- [INFORMATION SUPPLIED]:
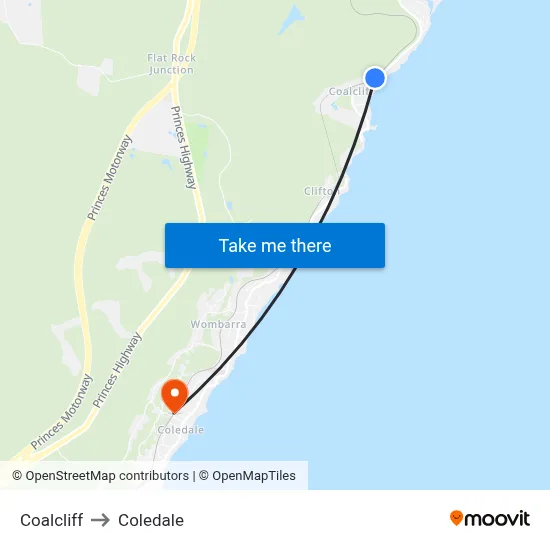 Coalcliff to Coledale map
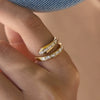 Women's Snake Shape Stainless Steel Ring With Vacuum Gold Plating Geometric Animal Style Hypoallergenic Fashion Jewelry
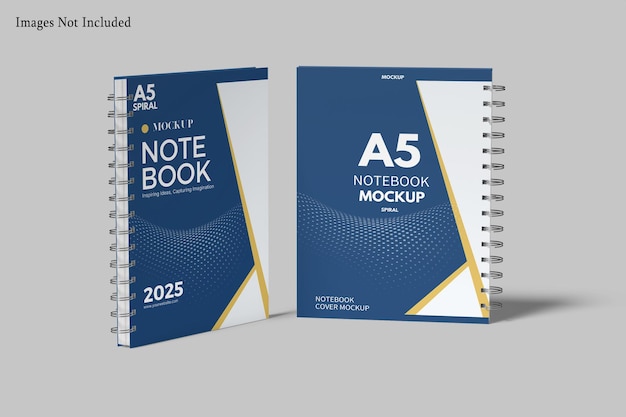 modèle de bloc-notes en spirale a5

- [TASK REQUIREMENTS]:
After removing the pictures, transcribe the listing above exactly.

- [THE ANSWER]:
 Coalcliff to Coledale map
 Women's Snake Shape Stainless Steel Ring With Vacuum Gold Plating Geometric Animal Style Hypoallergenic Fashion Jewelry
 modèle de bloc-notes en spirale a5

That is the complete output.